Your goal: Using the listing below, set down each line from the line containing "Seat Leon 2.0" through the line containing "Potato chips production", both ends included, exactly and with nothing added.

Listed entries:
#####
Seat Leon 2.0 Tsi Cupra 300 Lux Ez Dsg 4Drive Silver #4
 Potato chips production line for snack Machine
#####
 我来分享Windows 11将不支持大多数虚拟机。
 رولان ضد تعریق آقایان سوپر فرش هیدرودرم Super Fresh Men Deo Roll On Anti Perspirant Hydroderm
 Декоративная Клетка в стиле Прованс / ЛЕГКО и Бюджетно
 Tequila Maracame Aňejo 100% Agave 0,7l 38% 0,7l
#####
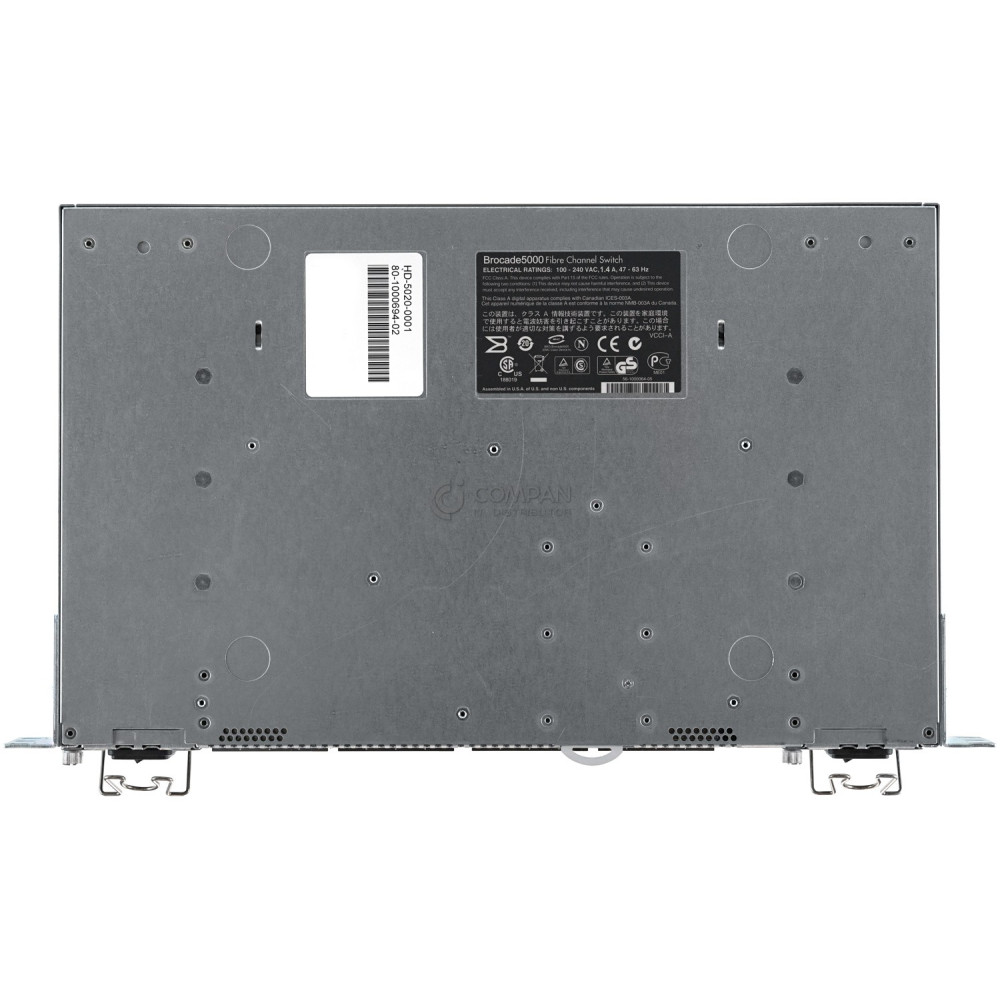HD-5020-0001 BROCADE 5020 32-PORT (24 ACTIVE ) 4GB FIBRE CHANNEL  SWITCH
#####
Task solution:
Seat Leon 2.0 Tsi Cupra 300 Lux Ez Dsg 4Drive Silver #4
 Potato chips production line for snack Machine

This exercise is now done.